Transitioning from a paper-based or hybrid quality system to an electronic Quality Management System (eQMS) is a critical step in modernizing compliance operations, improving efficiency, and scaling with organizational growth. Our Digital QMS Transition Support service provides expert guidance throughout the entire lifecycle of eQMS implementation—ensuring a smooth, compliant, and value-driven transformation.

Key Service Elements:

Needs Assessment & Platform Selection: We begin by conducting a detailed assessment of your current QMS processes, regulatory obligations, and operational needs.

Implementation Planning & Project Management: We support project planning, resource allocation and process mapping to align existing workflows with the eQMS configuration using a risk based approach.

System Configuration & Process Integration: We work with your team and vendor to ensure that QMS processes are properly configured, including user roles, access levels, and approval workflows

Data Migration & Validation: To ensure continuity and compliance by developing a migration strategy for transferring legacy documents, records, and quality data into the new system.  We establish validation protocols in line with FDA 21 CFR Part 11 and GAMP 5 guidance

Training & Go-Live Support: We deliver comprehensive training tailored to different user groups (administrators, quality team, general users) to ensure adoption and correct system use.

Our approach balances regulatory compliance, operational efficiency, and business scalability. Whether you're moving from spreadsheets or replacing a legacy eQMS, we provide the strategic insight and hands-on support needed to make your digital transition successful and sustainable.

Ongoing Compliance & Maintenance

Maintaining a compliant and effective Quality Management System (QMS) requires more than initial implementation—it demands continuous oversight, proactive improvement, and readiness for regulatory scrutiny at any time. Our Ongoing Compliance & Maintenance service is designed to help medical device companies sustain the health of their QMS, stay ahead of evolving regulatory expectations, and remain inspection-ready across all markets.

Key Service Components:

Management Review Facilitation: We support the planning and execution of effective management reviews that meet regulatory requirements and drive real decision-making.

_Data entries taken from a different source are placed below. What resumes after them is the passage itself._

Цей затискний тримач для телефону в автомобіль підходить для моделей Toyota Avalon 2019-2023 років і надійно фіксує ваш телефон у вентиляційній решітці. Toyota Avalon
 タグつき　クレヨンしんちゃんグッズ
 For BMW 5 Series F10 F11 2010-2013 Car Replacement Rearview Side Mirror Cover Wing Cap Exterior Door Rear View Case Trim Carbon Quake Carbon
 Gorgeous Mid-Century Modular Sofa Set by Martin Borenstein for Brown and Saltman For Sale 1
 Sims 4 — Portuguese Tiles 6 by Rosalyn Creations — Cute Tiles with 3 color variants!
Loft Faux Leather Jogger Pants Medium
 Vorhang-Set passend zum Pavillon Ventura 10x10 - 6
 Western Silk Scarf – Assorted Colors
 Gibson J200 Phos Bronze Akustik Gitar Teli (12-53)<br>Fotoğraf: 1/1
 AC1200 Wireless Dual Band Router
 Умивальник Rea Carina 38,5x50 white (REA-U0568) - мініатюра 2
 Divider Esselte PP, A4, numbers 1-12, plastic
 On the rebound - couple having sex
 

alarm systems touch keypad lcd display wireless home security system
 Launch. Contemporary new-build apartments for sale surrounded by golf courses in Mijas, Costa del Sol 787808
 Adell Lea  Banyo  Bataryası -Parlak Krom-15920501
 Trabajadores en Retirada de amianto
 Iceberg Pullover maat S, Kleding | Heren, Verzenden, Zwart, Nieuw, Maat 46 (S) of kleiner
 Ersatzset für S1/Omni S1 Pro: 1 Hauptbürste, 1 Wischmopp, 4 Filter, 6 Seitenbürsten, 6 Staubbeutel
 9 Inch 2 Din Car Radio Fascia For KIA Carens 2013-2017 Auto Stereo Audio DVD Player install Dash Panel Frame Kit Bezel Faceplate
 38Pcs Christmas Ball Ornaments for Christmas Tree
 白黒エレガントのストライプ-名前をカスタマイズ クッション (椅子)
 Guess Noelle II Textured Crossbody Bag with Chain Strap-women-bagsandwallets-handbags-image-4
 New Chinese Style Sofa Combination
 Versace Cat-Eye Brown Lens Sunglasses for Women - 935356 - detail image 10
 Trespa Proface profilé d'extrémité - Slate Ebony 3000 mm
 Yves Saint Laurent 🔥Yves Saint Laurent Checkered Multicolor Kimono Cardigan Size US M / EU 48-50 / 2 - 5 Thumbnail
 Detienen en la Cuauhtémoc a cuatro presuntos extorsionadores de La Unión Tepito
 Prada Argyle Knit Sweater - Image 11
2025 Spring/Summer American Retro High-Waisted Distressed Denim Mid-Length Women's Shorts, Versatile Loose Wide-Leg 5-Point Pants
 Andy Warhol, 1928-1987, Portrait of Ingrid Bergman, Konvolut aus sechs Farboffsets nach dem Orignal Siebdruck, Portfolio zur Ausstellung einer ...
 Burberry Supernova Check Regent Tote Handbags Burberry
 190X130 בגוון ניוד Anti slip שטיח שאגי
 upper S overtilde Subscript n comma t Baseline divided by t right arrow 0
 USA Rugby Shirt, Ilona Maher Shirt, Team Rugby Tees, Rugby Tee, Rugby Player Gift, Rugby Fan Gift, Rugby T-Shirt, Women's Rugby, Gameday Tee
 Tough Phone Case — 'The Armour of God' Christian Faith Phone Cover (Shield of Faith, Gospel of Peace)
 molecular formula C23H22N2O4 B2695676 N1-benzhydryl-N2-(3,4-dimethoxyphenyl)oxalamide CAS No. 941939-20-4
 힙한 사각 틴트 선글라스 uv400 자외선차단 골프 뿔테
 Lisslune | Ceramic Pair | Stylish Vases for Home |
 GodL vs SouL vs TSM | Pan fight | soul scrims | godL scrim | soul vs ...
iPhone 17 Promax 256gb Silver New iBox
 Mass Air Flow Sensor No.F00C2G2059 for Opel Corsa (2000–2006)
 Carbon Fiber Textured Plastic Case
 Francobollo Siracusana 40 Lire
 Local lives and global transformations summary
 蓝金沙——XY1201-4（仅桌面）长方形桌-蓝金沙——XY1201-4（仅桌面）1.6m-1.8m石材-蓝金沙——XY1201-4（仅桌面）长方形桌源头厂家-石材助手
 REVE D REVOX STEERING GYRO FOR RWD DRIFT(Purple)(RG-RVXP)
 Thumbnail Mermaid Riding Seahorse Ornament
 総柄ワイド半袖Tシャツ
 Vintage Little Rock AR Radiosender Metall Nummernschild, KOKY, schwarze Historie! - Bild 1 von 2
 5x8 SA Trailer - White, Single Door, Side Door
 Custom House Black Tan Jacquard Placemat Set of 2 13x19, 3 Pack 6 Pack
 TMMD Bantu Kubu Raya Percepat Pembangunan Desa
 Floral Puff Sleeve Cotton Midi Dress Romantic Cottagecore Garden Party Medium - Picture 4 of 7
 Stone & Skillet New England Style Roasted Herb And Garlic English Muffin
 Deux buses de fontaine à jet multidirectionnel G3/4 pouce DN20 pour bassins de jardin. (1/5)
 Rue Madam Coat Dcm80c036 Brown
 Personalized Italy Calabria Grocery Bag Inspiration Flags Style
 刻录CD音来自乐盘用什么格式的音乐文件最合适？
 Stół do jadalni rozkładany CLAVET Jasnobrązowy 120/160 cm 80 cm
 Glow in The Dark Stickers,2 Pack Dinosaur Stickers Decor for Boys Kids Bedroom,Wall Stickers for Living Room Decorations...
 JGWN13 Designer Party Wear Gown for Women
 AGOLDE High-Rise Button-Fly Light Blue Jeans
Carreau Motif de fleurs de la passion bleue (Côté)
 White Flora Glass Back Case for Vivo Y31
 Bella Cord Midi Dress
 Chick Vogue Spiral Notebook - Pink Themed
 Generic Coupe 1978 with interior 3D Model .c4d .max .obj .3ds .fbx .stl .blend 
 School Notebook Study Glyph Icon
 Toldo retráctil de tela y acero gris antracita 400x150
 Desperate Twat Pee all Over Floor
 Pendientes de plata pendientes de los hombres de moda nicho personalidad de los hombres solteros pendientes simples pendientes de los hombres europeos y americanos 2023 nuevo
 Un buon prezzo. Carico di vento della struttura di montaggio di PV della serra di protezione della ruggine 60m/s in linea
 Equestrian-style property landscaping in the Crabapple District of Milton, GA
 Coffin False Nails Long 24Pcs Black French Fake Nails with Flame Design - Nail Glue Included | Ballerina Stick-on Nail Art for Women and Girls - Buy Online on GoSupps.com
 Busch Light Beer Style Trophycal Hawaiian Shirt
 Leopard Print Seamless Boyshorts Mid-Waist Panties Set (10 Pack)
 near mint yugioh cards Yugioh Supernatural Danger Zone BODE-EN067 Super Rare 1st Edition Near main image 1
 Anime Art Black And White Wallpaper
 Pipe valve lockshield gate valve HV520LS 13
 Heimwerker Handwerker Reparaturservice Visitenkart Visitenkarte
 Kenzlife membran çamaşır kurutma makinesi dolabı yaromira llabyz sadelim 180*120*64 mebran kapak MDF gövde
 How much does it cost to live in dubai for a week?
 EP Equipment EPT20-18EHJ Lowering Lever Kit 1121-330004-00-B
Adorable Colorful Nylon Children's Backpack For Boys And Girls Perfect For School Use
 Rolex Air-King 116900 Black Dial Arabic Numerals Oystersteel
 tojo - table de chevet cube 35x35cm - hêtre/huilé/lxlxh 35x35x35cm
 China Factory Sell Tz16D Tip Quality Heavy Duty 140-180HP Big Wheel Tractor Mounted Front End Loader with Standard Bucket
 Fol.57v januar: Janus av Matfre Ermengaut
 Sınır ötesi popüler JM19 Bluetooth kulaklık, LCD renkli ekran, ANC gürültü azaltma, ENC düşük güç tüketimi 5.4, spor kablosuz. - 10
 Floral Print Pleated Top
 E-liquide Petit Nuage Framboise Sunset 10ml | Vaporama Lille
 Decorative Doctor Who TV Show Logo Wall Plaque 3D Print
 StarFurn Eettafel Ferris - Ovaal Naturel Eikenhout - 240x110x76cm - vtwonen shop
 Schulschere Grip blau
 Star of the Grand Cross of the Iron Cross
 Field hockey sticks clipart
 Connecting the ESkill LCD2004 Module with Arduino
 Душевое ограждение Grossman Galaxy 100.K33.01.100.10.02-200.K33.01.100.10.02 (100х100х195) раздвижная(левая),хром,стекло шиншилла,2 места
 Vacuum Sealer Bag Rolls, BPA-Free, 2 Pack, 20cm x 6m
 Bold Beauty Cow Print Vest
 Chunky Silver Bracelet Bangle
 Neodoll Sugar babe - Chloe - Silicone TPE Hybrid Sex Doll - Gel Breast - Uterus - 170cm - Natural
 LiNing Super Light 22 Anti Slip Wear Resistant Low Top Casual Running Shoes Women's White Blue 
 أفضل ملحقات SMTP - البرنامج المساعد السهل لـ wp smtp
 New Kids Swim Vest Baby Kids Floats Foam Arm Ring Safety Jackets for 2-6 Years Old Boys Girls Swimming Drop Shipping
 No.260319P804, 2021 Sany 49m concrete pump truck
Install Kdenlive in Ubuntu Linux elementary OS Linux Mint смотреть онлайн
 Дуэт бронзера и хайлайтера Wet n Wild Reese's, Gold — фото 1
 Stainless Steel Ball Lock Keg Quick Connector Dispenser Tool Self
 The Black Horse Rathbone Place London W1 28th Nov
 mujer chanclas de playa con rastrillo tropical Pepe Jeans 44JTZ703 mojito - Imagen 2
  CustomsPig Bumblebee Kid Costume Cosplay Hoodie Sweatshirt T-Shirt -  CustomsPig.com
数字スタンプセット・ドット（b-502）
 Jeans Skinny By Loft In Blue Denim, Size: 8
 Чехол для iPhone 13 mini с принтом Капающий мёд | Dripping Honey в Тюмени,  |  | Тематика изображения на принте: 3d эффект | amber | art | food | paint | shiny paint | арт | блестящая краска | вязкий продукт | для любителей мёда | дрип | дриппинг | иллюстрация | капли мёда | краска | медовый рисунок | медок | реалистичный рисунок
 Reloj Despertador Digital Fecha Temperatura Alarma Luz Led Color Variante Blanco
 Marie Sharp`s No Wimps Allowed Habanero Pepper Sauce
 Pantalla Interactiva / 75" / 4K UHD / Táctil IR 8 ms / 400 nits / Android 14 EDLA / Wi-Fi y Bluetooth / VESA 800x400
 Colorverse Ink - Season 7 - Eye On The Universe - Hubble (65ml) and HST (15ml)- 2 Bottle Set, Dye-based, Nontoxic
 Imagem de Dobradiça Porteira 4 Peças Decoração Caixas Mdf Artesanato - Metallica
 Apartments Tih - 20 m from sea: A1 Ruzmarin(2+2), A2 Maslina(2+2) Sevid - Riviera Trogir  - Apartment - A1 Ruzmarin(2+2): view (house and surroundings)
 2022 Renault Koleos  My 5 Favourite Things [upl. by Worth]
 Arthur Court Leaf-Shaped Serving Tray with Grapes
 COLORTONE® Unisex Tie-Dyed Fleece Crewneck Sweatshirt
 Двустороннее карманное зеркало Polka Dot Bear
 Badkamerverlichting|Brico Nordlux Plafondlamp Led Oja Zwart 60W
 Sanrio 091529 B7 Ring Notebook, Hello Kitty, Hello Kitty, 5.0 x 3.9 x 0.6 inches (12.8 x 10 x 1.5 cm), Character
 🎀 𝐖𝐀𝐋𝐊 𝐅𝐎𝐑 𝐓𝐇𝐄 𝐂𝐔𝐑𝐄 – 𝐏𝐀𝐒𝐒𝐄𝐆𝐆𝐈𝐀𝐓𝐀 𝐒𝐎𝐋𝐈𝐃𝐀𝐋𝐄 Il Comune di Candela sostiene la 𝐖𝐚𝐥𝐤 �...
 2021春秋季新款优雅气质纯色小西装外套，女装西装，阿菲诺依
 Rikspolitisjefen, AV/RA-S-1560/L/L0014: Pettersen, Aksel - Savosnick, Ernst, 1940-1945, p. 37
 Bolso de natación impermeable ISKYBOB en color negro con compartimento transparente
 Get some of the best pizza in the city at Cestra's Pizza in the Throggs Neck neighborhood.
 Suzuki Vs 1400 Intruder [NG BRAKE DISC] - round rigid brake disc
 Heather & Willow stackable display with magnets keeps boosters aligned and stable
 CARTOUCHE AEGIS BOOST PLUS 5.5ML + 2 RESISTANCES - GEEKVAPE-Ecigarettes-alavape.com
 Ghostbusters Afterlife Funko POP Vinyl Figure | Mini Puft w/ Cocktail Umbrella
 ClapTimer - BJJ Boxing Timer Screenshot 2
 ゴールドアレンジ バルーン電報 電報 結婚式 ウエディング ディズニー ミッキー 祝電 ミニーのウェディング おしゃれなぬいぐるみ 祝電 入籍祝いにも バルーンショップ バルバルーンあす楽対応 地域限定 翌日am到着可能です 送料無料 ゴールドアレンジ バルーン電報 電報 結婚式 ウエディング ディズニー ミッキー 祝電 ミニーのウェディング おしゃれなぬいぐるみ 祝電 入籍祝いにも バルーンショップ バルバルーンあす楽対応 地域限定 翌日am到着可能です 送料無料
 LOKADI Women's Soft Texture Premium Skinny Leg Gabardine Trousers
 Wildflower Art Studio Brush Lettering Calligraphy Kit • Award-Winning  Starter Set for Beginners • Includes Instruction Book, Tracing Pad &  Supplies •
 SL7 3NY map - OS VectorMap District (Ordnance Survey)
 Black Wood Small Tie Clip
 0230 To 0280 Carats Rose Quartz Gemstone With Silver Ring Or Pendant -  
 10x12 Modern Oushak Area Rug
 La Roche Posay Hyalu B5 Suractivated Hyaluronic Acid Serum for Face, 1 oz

Quality Metrics & Performance Monitoring: We help you define and track meaningful key performance indicators (KPIs) to measure QMS effectiveness.

Continuous Improvement Initiatives:Beyond compliance, we help you embed a culture of quality and continuous improvement

Regulatory Intelligence & Change Management: We monitor changes in global regulatory requirements (e.g., updates to ISO standards, MDR guidance, FDA regulations) and help you assess the impact of regulatory updates on your QMS and revise affected procedures and documentation

With our ongoing support, you can ensure that your QMS remains not only compliant—but also a strategic, efficient, and resilient system that grows with your business and withstands regulator scrutiny. We help you move from reactive compliance to proactive quality leadership.